In it, she thanked me for sending I Think I’ll Prune the Lemon Tree to her as a gift for her birthday.
It’s my book of Arizona stories and St. Louis flashbacks, which includes a chapter on The Carol Burnett Show and the positive impact the program had on our family in the 1970s.
There is one other significant and unexpected side effect, which Carol’s letter has prompted: a touch of grief.
If you follow my blog or have read any of my books, you know that my mother–Helen Johnson–was the consummate letter writer.
From the late 1980s (when Mom retired) until 2010, she sent me more than a thousand letters laced with love and wisdom.
Some of them appear in From Fertile Ground. It is a three-generation writer’s mosaic about love, loss, and grief. I wrote and published the book a few years after my mother died in 2013.
Helen didn’t quite make it to ninety, the milestone Carol Burnett transcended recently. She came up six months short.
So, when Carol’s letter arrived in the mail it cued a few pangs of sadness and a familiar pleasure. One that has been missing from my life … missing from all of our lives … for a long time. That is the personal, human, and lasting connection produced by a handwritten letter.
With all of this as background, yesterday I pulled out the large blue plastic container that holds all of my mother’s letters–sent to Tom, Nick, Kirk, and me over the years. I have them classified by year.
I began to leaf through her 2003 correspondence. That was the year she turned eighty, on July 26, 2003, to be precise. My sister Diane and I hosted a big party for Mom that summer in Geneva, Illinois.
Family and friends traveled from near and far to attend Helen Johnson’s birthday dinner at the Mill Race Inn. We celebrated her first eighty years. Afterwards, we crossed a bridge over the Fox River to continue the party at the Herrington Inn, where many of our guests were staying.
At one point, a gentleman playing violin walked through the lobby. He asked my mother if she would like him to play Waltzing Matilda, her favorite song. (Matilda was her middle name.)
Mom’s eyes sparkled with glee as he stood over her. He slid the bow across the strings, and I watched her spirit soar. In short order, she began to sing … “Waltzing Matilda, waltzing Matilda, you’ll come a waltzing Matilda with me.”
Ordinarily, my mother didn’t enjoy being the center of attention. But, looking back, that moment in a posh hotel on the banks of the Fox River surrounded by loved ones may have been the happiest and most spontaneous moment of Helen Matilda Ferrell Johnson’s life.

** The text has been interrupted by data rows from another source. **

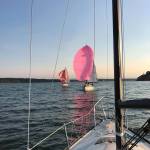 Lucky Jim chases Yeah Dogg.(Photo by Shannon Buys)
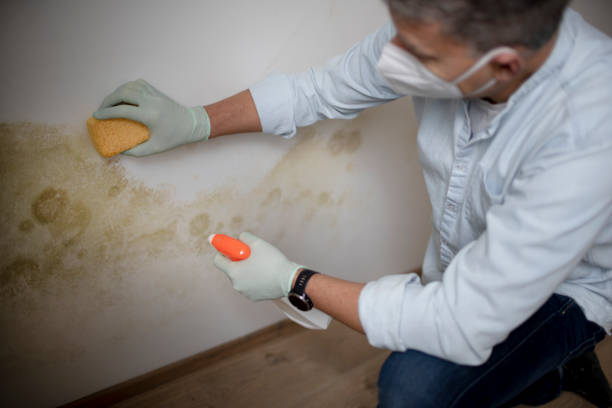 Home Mold Removal in Highlands Ranch, CO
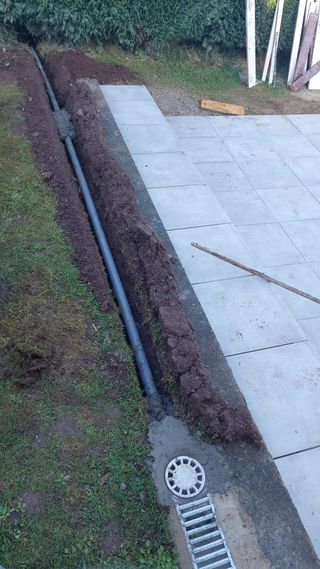 Reformas economicas.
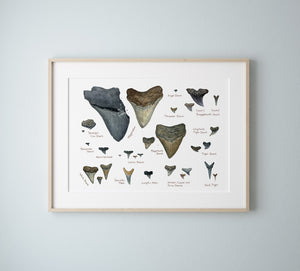 Illustrated Fossil Shark Teeth Chart, Natural History Watercolor Art Print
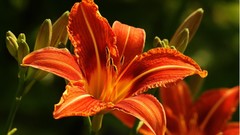 Flowers depth of field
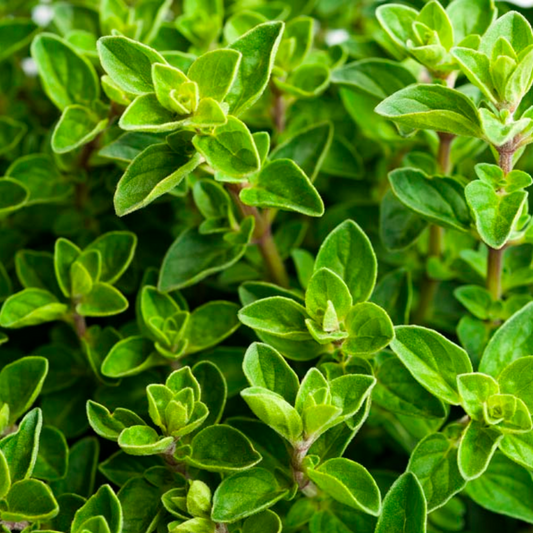 Oregano, Greek Mountain, 3" Pot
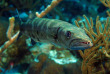 Egypte - Marsa Alam - Red Sea Diving Safari - Marsa Shagra
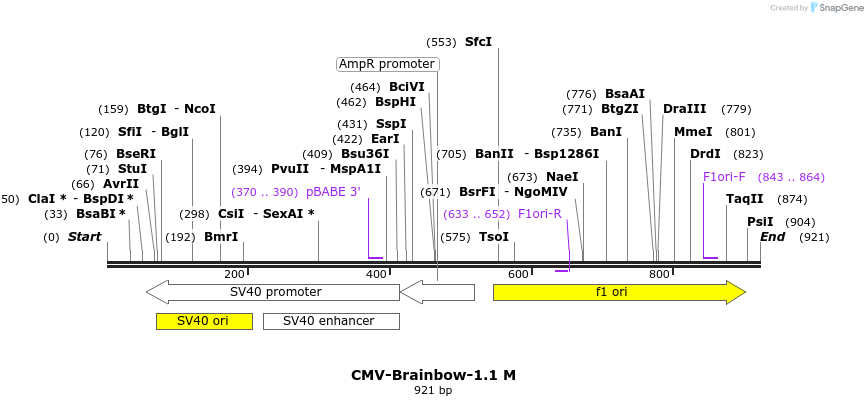 24610_map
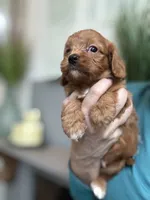 Buddy, a male Cavapoo for sale in Carlsbad, CA – 6 of 10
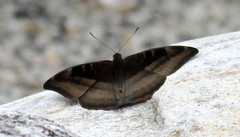 Auzakia danava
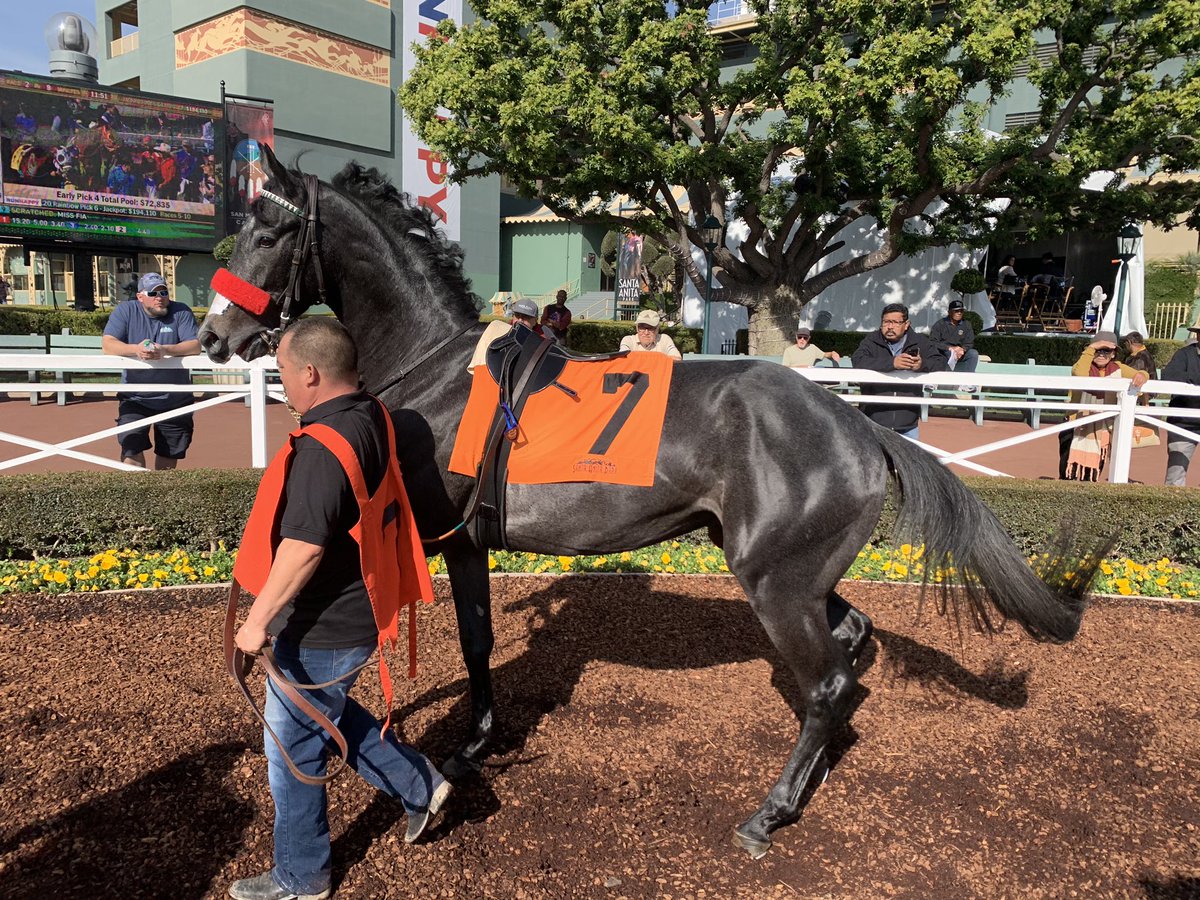 frisky_filly's tweet photo. Our superstar colt #Liamspride smoked em today at Oaklawn I’m in love with him! #superstar #teambluechip https://t.co/tlUANdBBIW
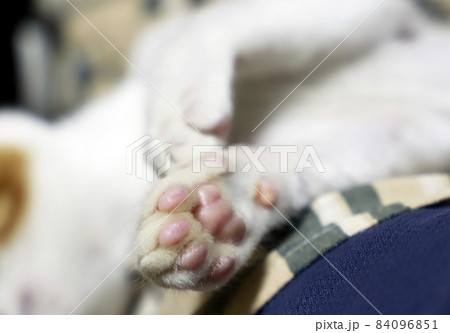 子猫・茶トラ／小さいネコ 84096851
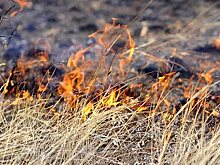 Подростки подожгли траву на берегу реки Содемы в Вологде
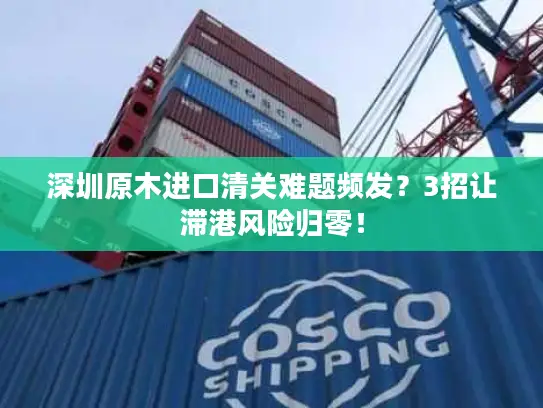 深圳原木进口清关难题频发？3招让滞港风险归零！
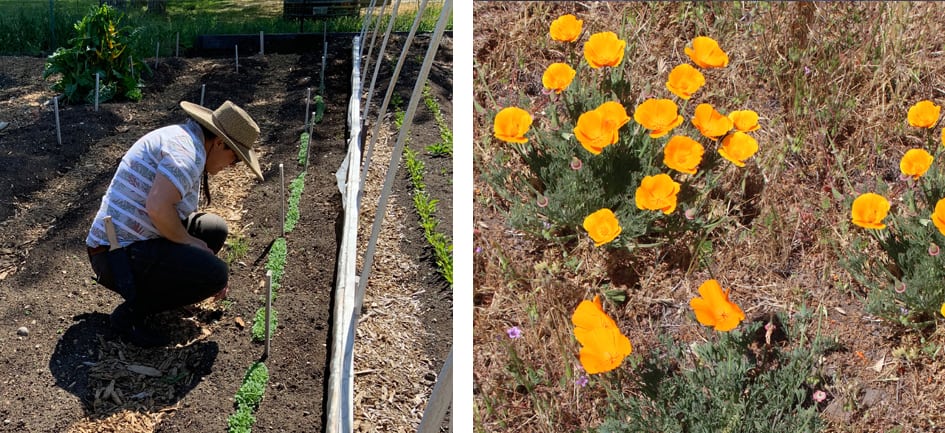 Vegies & Flowers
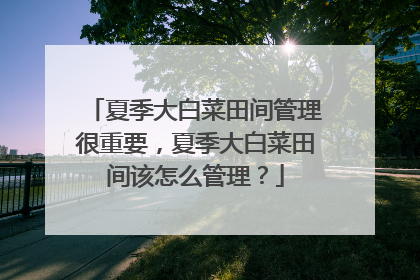 夏季大白菜田间管理很重要,夏季大白菜田间该怎么管理?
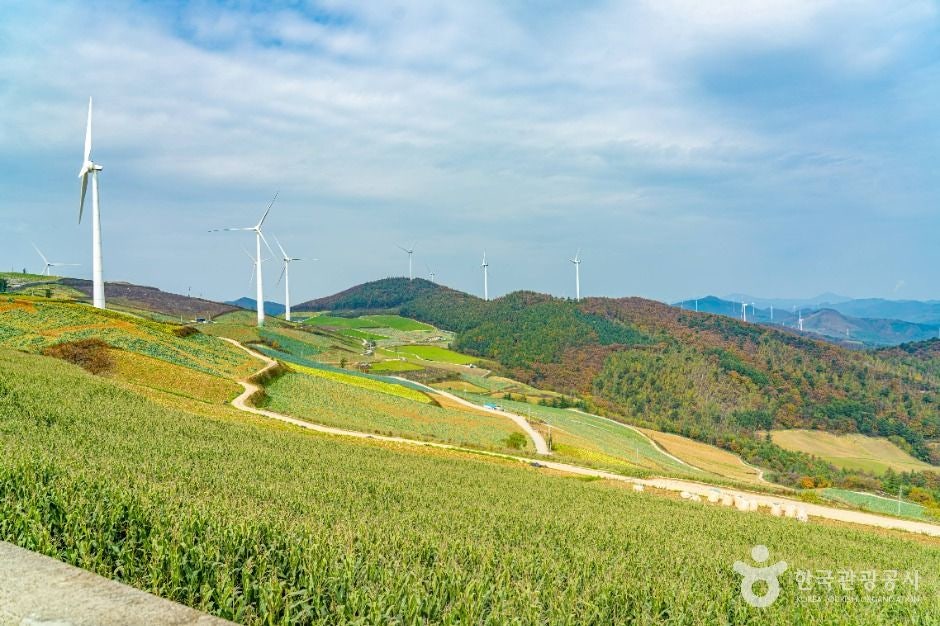 매봉산 사진 4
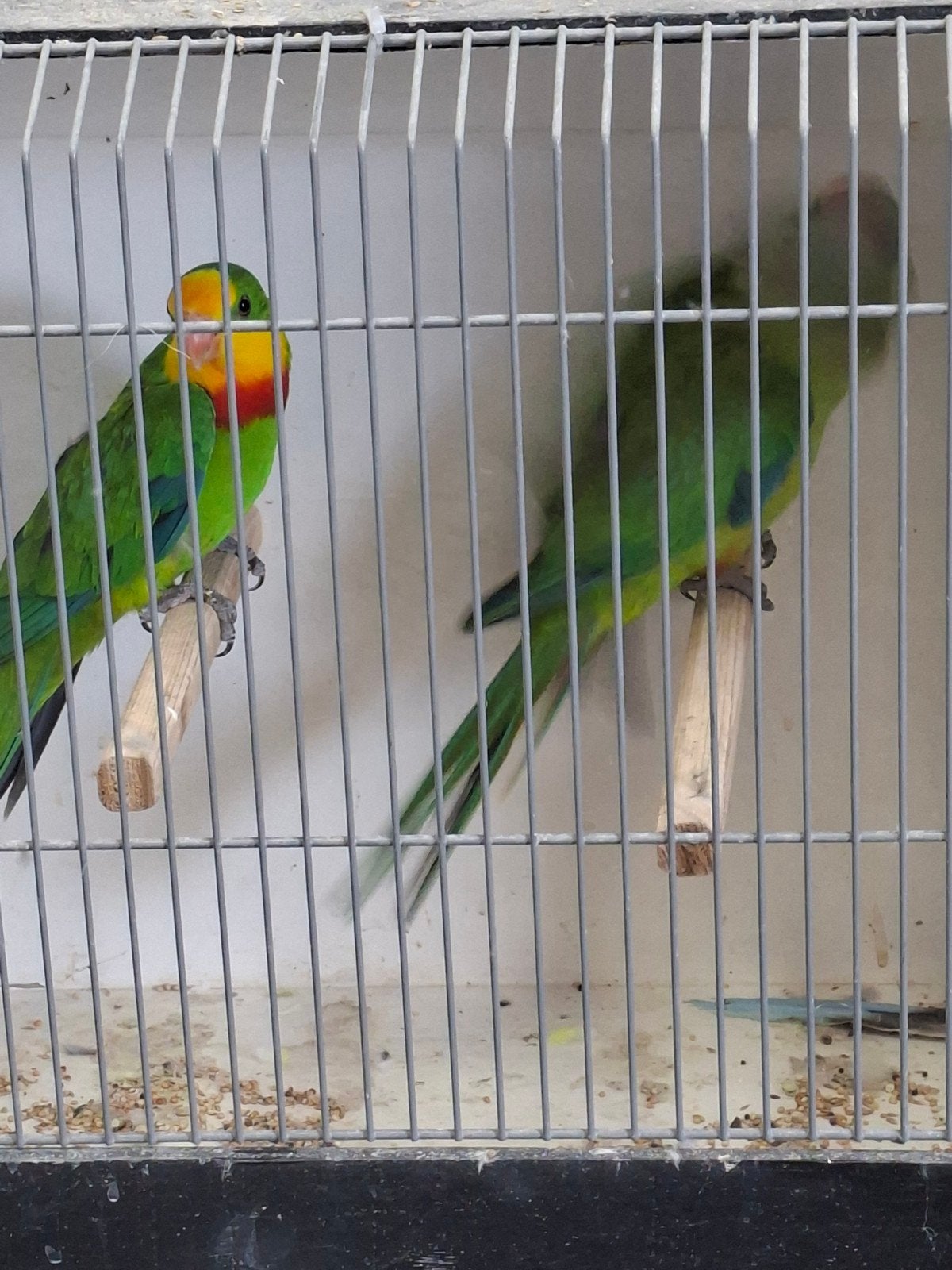 koppel barraband, Dieren en Toebehoren, Vogels | Parkieten en Papegaaien, Meerdere dieren, Parkiet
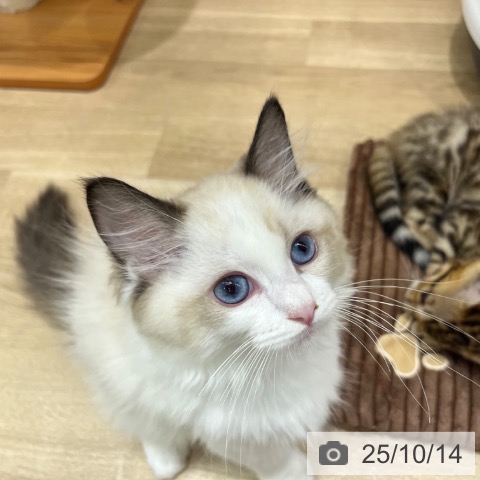 ラグドールの写真
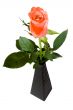 Pink rose in black vase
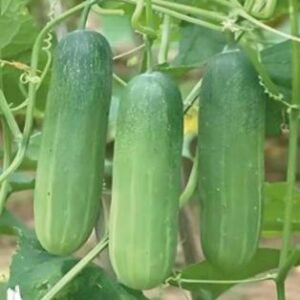 ASWI 15 (Hybrid Cucumber)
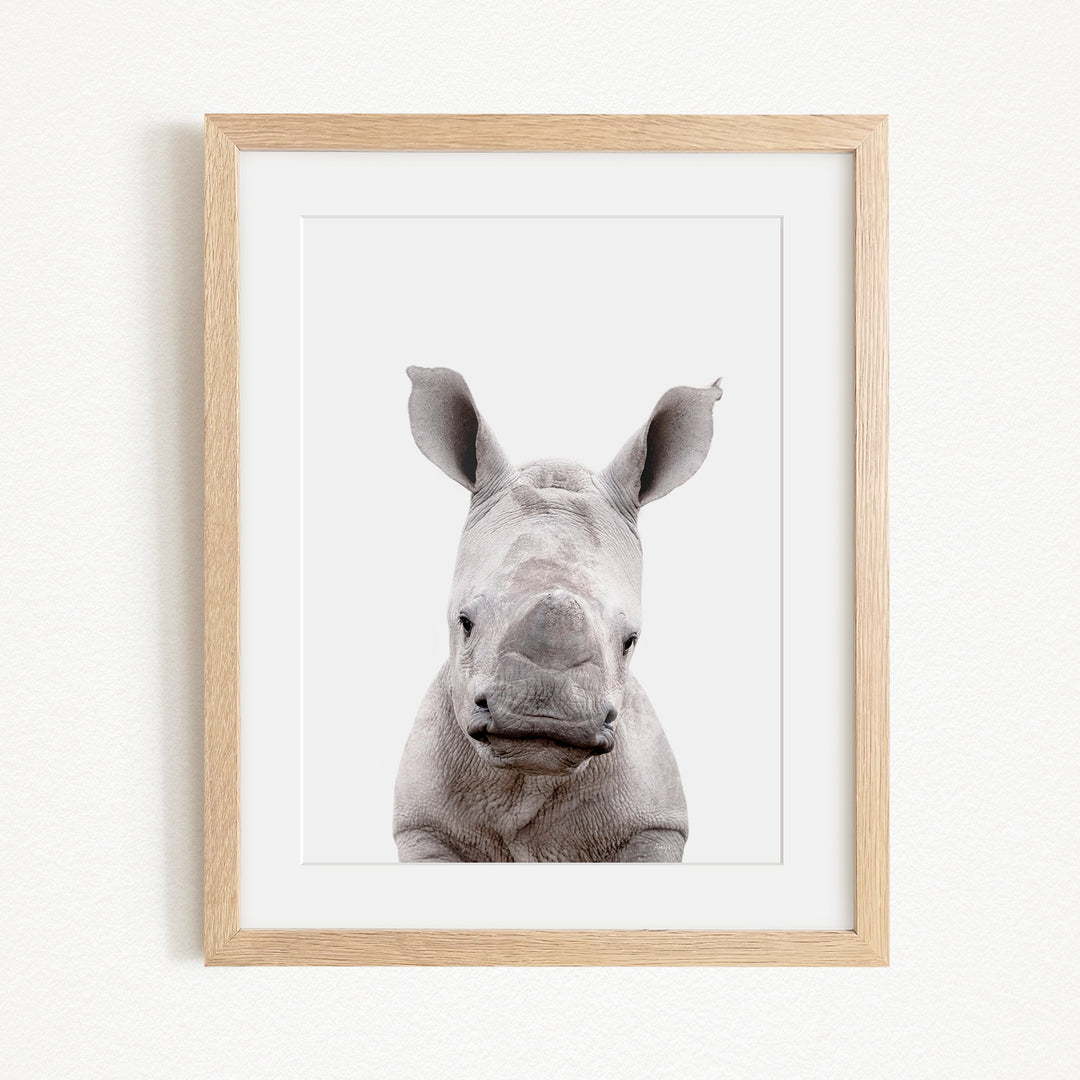 A framed photograph of a rhinoceros, with its distinctive horn-like structures visible.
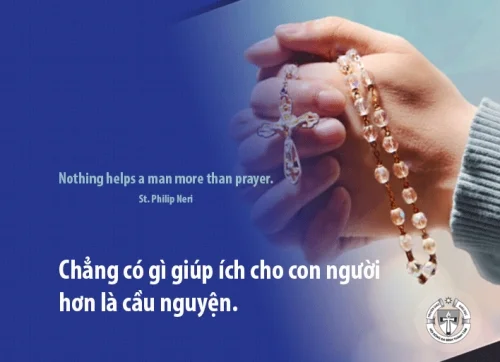 Ý lực sống - ngày 13/2/2024
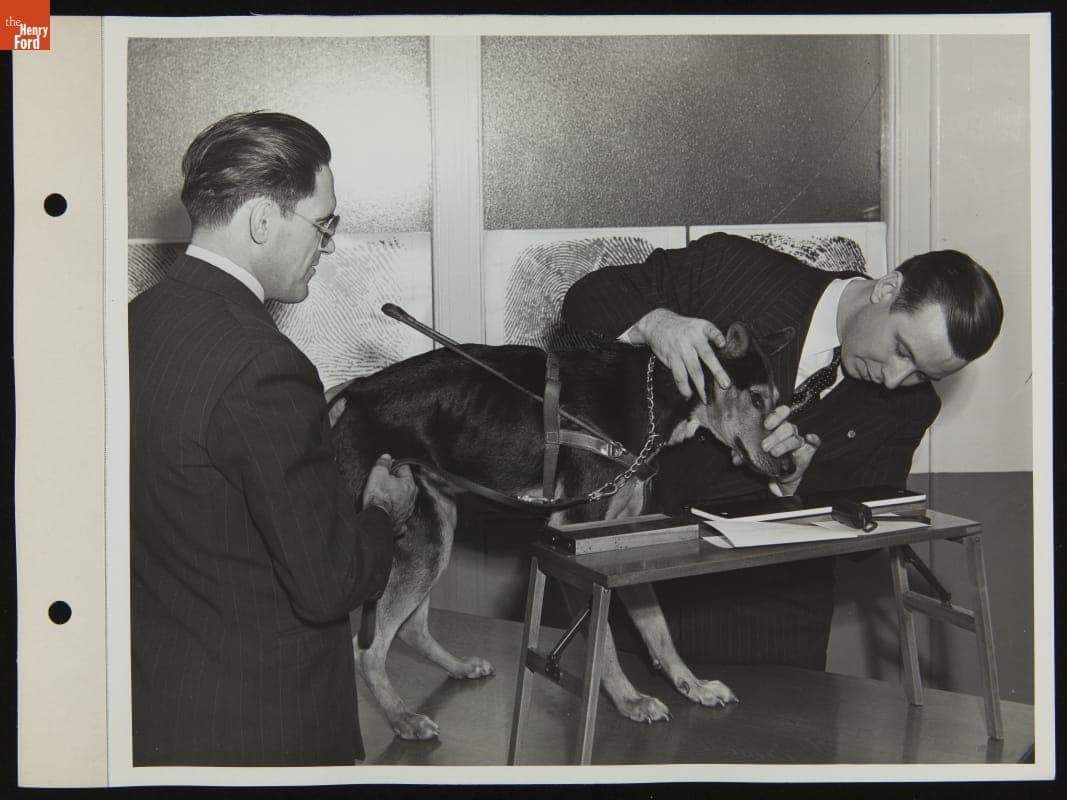 Ford Employee's Service Dog Being "Noseprinted" for Identification, October 1942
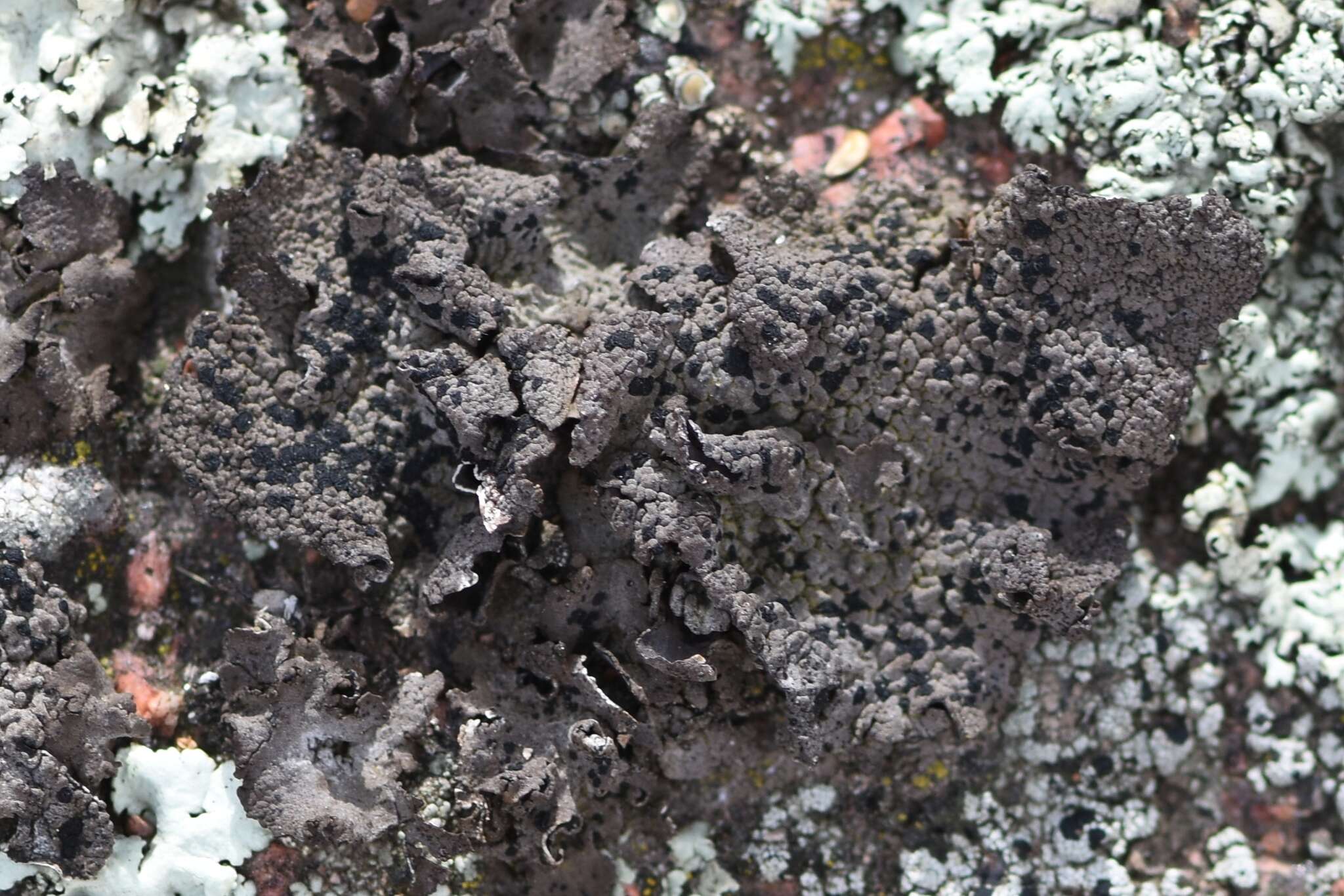 Image of Blistered rock tripe lichen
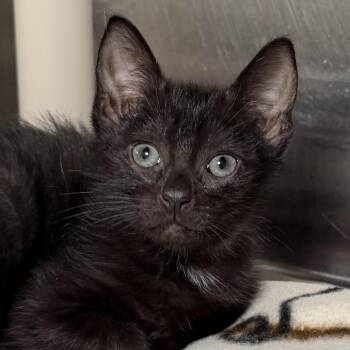 Hopper -  Domestic Short Hair Cat for Adoption in Kennebunk, Maine - Hopper | PetCurious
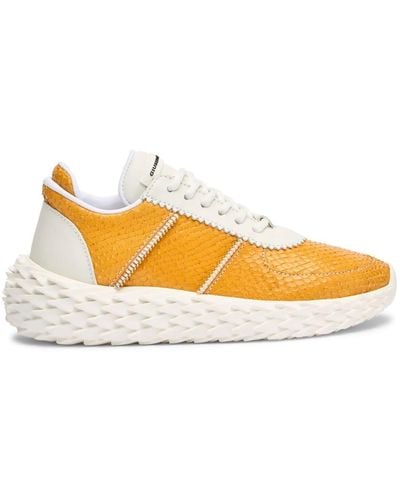 Giuseppe Zanotti Urchin Leather Sneakers - Orange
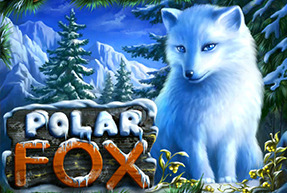 Polar Fox | Игровые автоматы Jokermonarch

If you’ve been doing the math as you read this story, you know that my mother’s 100th birthday is approaching. It’s just two months away. One of the best ways I can celebrate the memories of her is to read her letters, which she mailed to me.
In this one from May 26, 2003–twenty years ago–she recounted for Nick (my older son) and me that she and my dad bought their first new car (a black, four-door Plymouth) in Texas in February 1951.
I must have just told her about Nick’s first car, a used Toyota Camry, which his mom and I had just helped him buy when he was nineteen.
Whether a letter comes from a legend of stage and screen like Carol Burnett or someone who lived a more ordinary (yet still remarkable) life like my extraordinary mother, the words and the movement of the pen on the physical page speak directly from one heart to another … far exceeding the temporary status of a text, email, or phone call.
That’s the context and beauty–the magic, really–of an authentic, handwritten letter.